## Task statement:
Using the entries below, copy exactly each line from the line with "Familienapartment, 3 Schlafzimmer, Nichtraucher" up to and including the line with "Lake Whitney Apartamento", with every picture left out.

## Dataset:
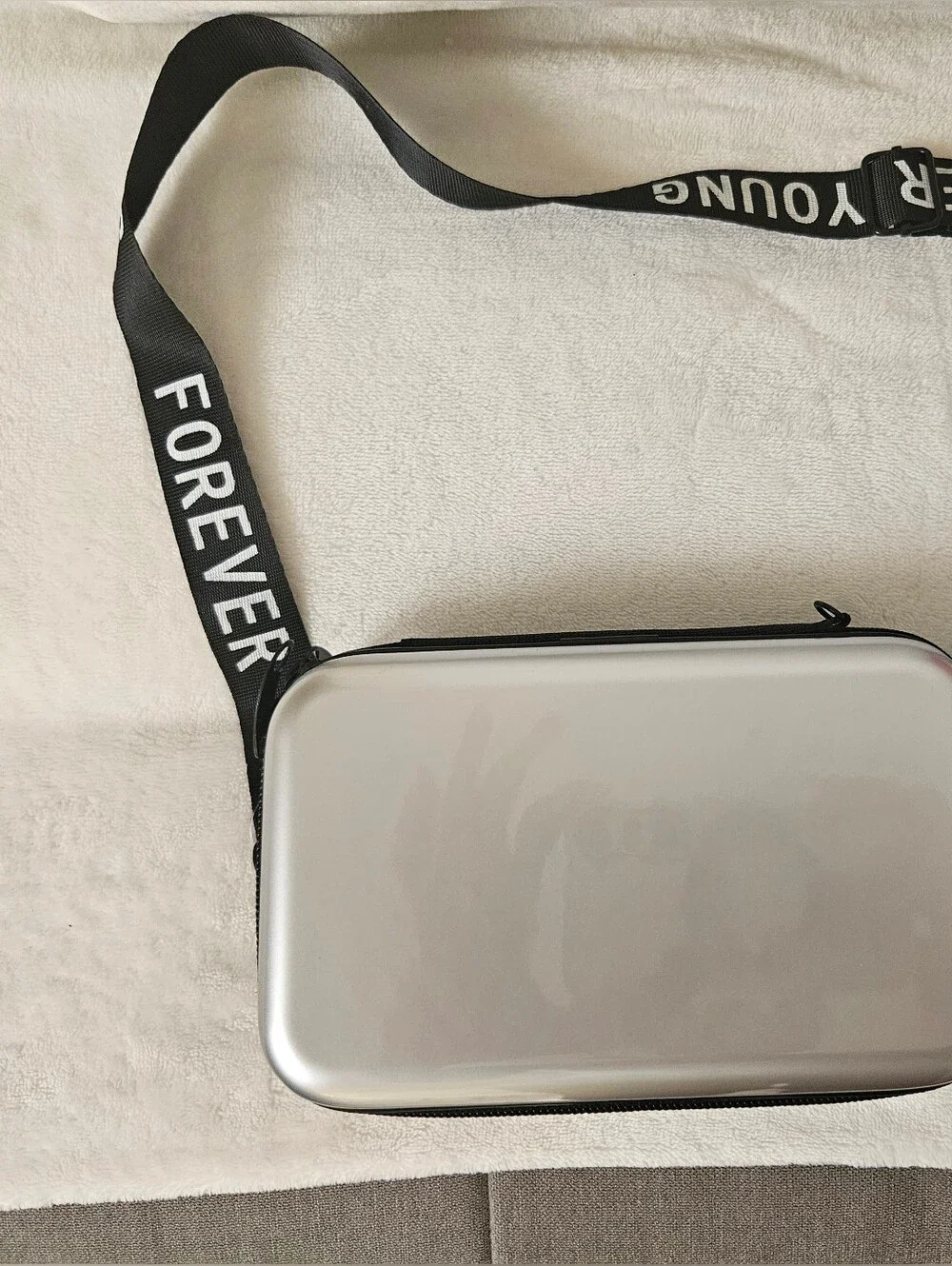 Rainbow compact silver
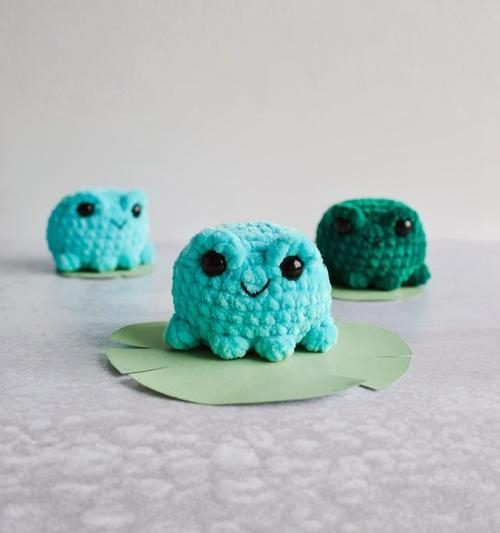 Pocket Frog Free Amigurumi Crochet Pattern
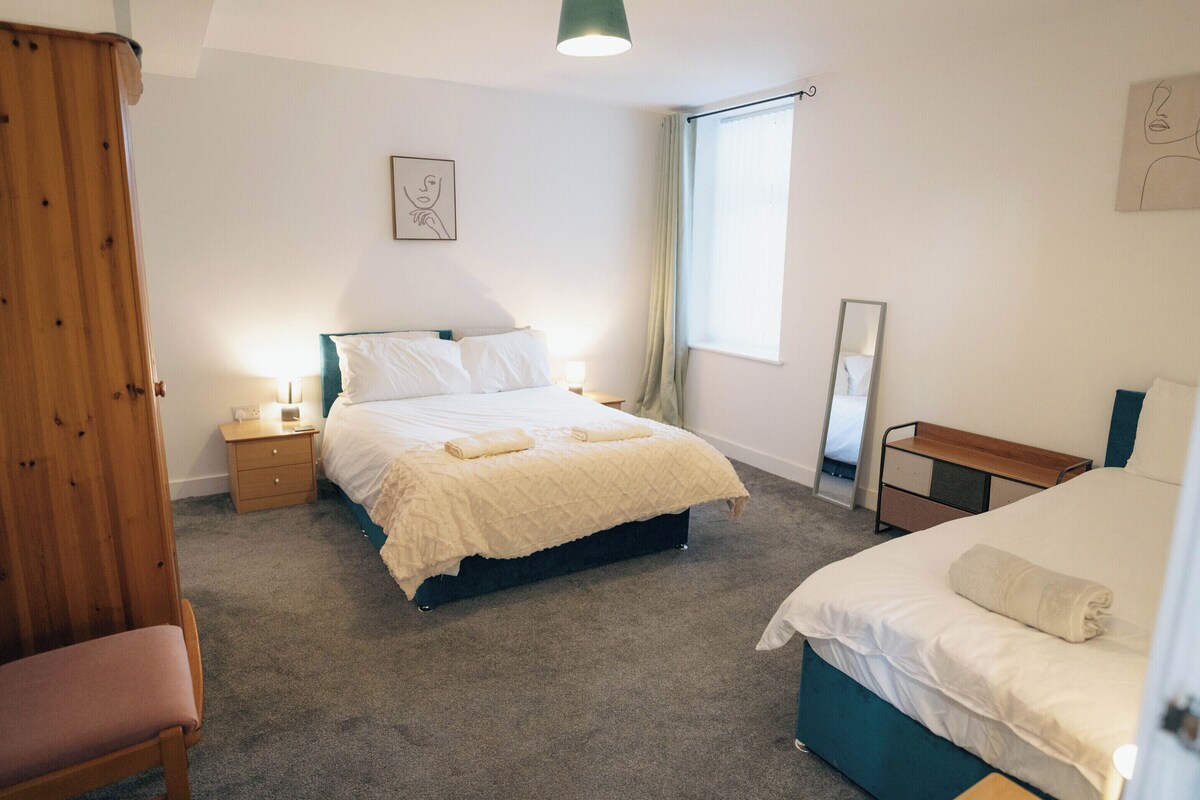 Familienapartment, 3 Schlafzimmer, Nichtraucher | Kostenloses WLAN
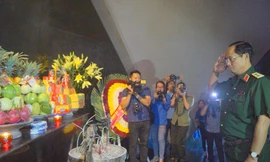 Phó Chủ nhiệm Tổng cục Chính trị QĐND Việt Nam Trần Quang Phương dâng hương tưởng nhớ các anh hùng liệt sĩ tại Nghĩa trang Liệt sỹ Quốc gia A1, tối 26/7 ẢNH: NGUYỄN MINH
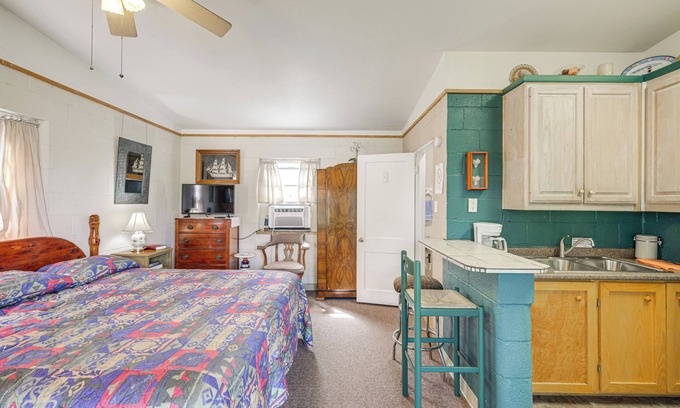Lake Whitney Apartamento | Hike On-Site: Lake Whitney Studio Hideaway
* * *
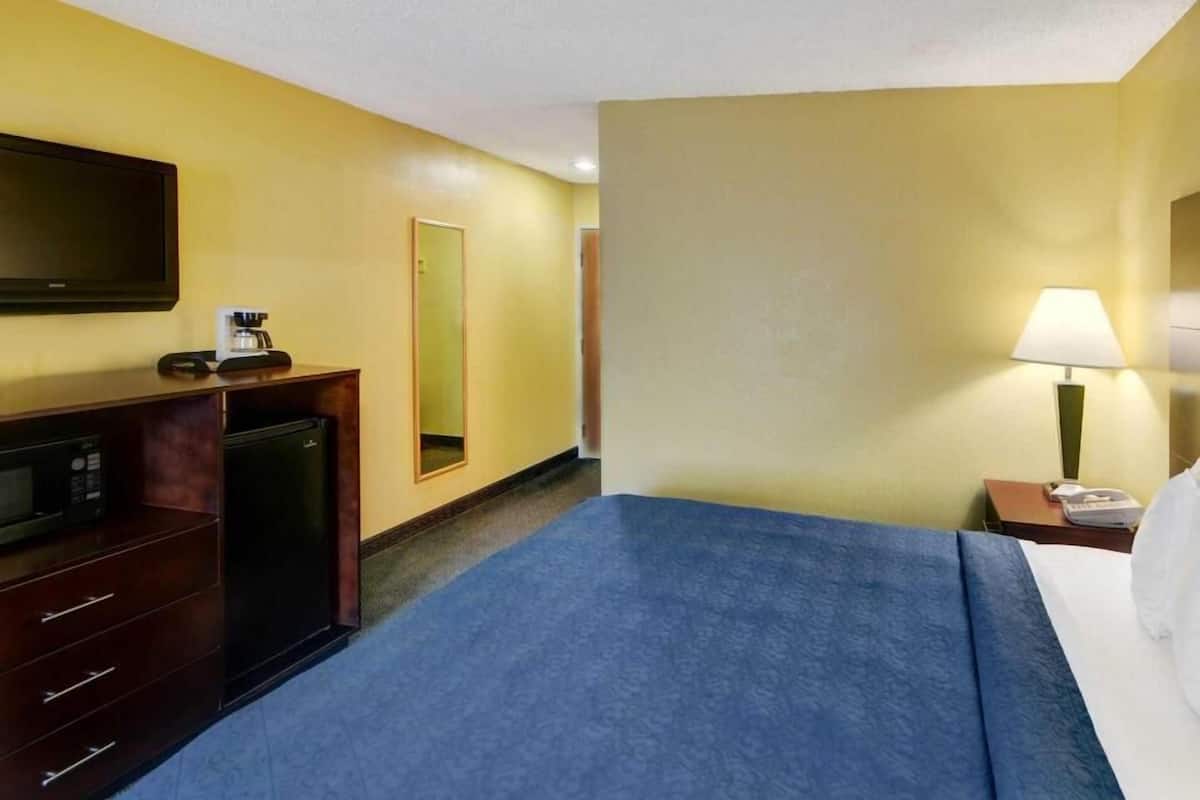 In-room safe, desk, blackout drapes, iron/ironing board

## Your response:
 Familienapartment, 3 Schlafzimmer, Nichtraucher | Kostenloses WLAN
 Phó Chủ nhiệm Tổng cục Chính trị QĐND Việt Nam Trần Quang Phương dâng hương tưởng nhớ các anh hùng liệt sĩ tại Nghĩa trang Liệt sỹ Quốc gia A1, tối 26/7 ẢNH: NGUYỄN MINH
Lake Whitney Apartamento | Hike On-Site: Lake Whitney Studio Hideaway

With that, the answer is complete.